The wind was too light to move the trees, except for the thinnest twigs. She had to climb the wall, unless she wanted to alert somebody by shaking the treetops that were well in sight of the inside, and therefore had to fix the blowpipe on her back, on the katana's strap, again. It didn't work well, and so she had to climb slowly. Even more, the blowpipe was a lot lighter in colour than the wall, even lighter than she was now, due to the body paint. But the patchy shadows would take care of that. The base of the gap was about twenty feet above the ground, and fifteen above the rubble pile, but it wasn't in the shadows. The crumbling rock had opened many gaps and footholds on the steep wall, already, but the moisture of the forest made it hard to use them safely. She had to clean each one and get rid of the debris and black slime without making any noise by dropping it. At thirty feet, she closed in sideways towards the more vertical parts of the gap. These were brighter than the outer side and loomed there like an invitingly lit gate.
From up here, she could look down into the yard, and check the far side of the gap more thoroughly than from the trench's embankment. Close to the edge, there was a wider foothold on some of the larger stones that had remained firmly seated in the wall, while the smaller ones above had dropped down. It offered some rest in the shadows, and an excellent platform to shoot her way clear into the castle, as the ragged rocks on the gap's edge offered many supports for the blowpipe's wider front end. She looked down on the wide open square on the inside, and at the busy greys inside, walking aimlessly to and fro between the remains of their own, but in general continuing the procession from the bridge into the main building, near the centre of the castle, and back again.
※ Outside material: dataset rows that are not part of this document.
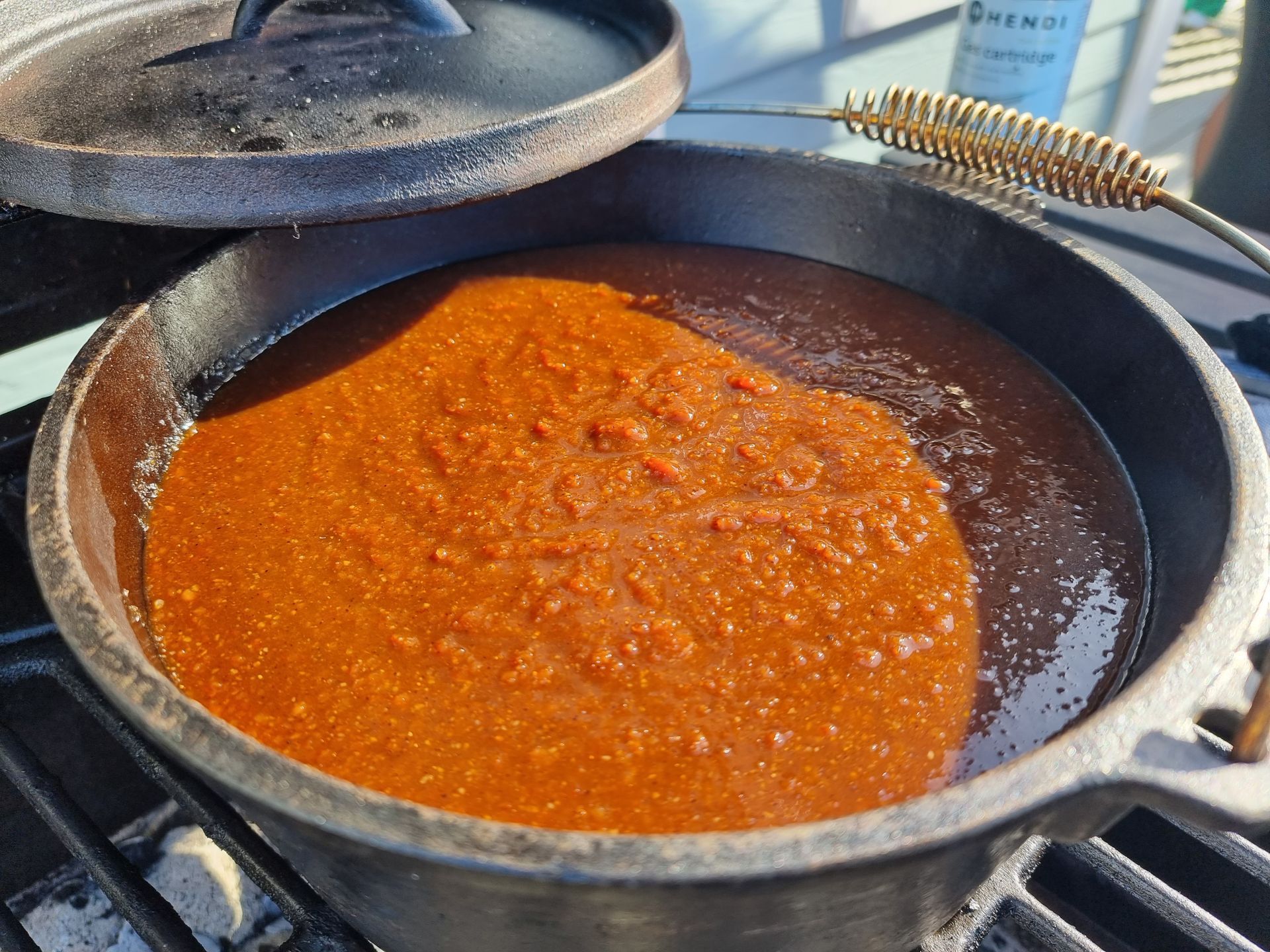 Gietijzeren braadpan met sudderende saus. Het deksel staat er gedeeltelijk open bovenop.
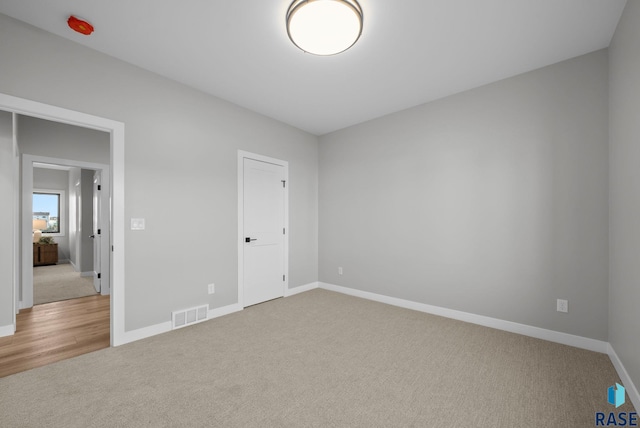 6609 E Corsair Dr, Sioux Falls, SD 57110 - unfurnished bedroom featuring carpet floors and baseboards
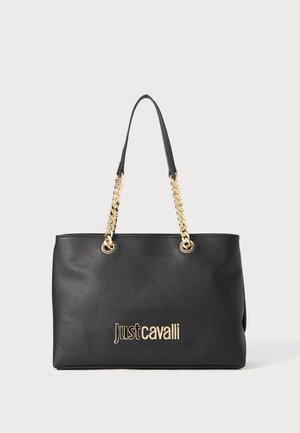 Svart tote veske med gullkjede skulderremmer, teksturert overflate og preget "Just Cavalli"-logo foran. Rektangulær form, romslig design.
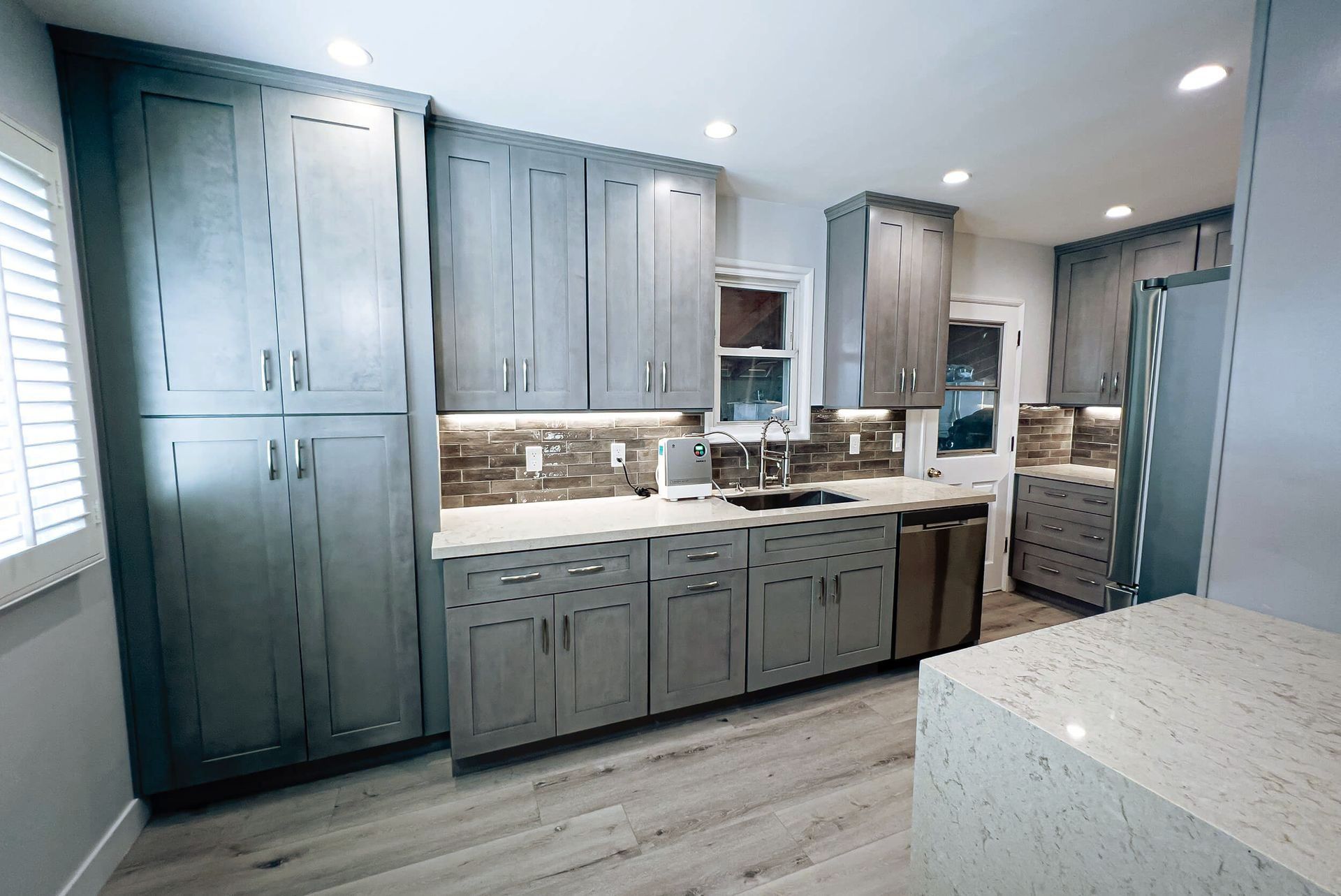 a kitchen with gray cabinets and white counter tops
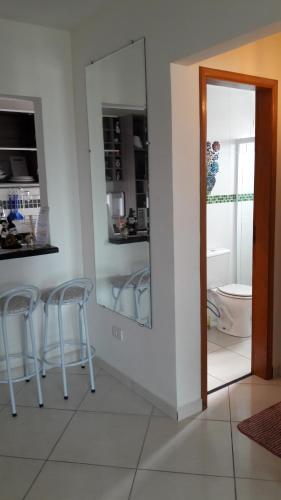 a kitchen with two stools and a mirror in a room at Mar Azul in Solemar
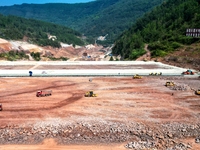 Workers work at the construction site of the Jiangjiakou Reservoir project in Jiangjiakou town, Bazhong, China, on September 25, 2024. (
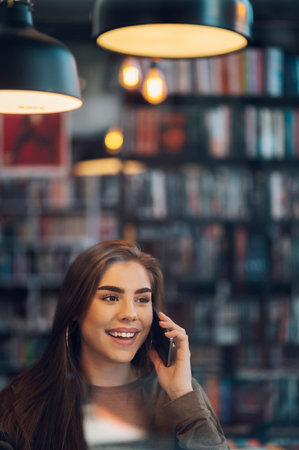 Young beautiful woman drinking coffee and looking at smartphone while sitting in a cafeteria....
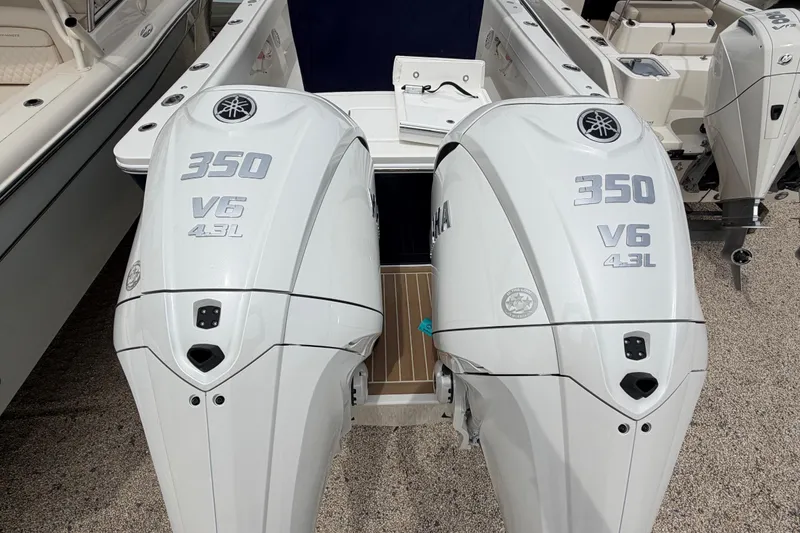 Slide: The Image of Twin Yamaha 350 V6 outboard engines on a 2026 Regulator 28 boat. - 30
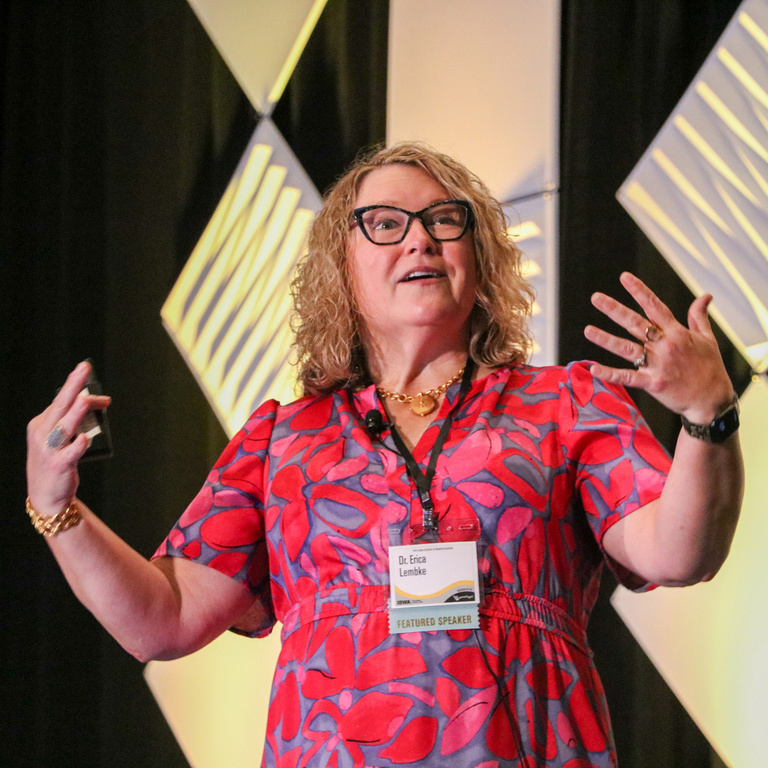 Summit keynote speaker gestures with both arms will presenting on stage.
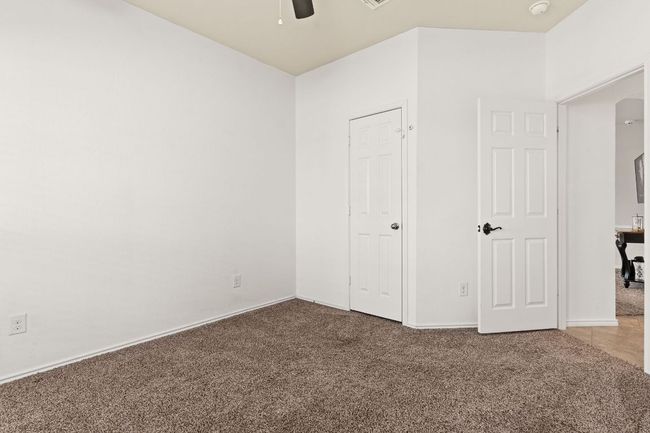 Unfurnished bedroom featuring carpet flooring and ceiling fan | Image 19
Then she slowly brought the blowpipe up and into position, first holding it vertically, in parallel with the outer wall, and then turning it inwards, always keeping the mouthpiece close to the outer face of the wall. The wider part of the pipe therefore slid slowly onto the jagged rocks in the gap and then turned to point downwards. The shadow barely extended far enough to cover herself on the outside, so close to the corner. The lighter brownish colour of the bamboo pipes against the sides of the gap was still fairly inconspicious, though, for there was little contrast with the cracked and less darkened limestone within the wall, which was lit by the flickering reddish light of the torches in their holders on the walls far below. The wall's outer and inner sides were almost black, stained by moss and algae.
She put the bag with the arrows and the fluffy seeds onto a rock that was a little below the mouthpiece. Two or three of the seeds at a time held the tip of the arrow in the pipe's centre and its barbed hooks at a distance from the wall. The aft end had a little cup of leather or of stiff leaves attached to it that did the same and held the pipe airtight as long as it travelled along inside of it, and then flipped back to form fins once it left the blowpipe. The wood of the conical arrows was fairly heavy, and they flew well despite their jagged outline and short length. They were a little shorter than her hands.
Now she opened the day's ration pack of death, and started to load and fire the arrows, one by one, at everything that moved on the inside, almost rhythmically. First she took out those in the corners and out of sight of most of the others, then she closed in on the centre, until she ran out of arrows. She left the blowpipe and the empty bag on the small platform's corner. The fluffy seeds were floating down around her like the first thick snowflakes in the not yet freezing air of winter.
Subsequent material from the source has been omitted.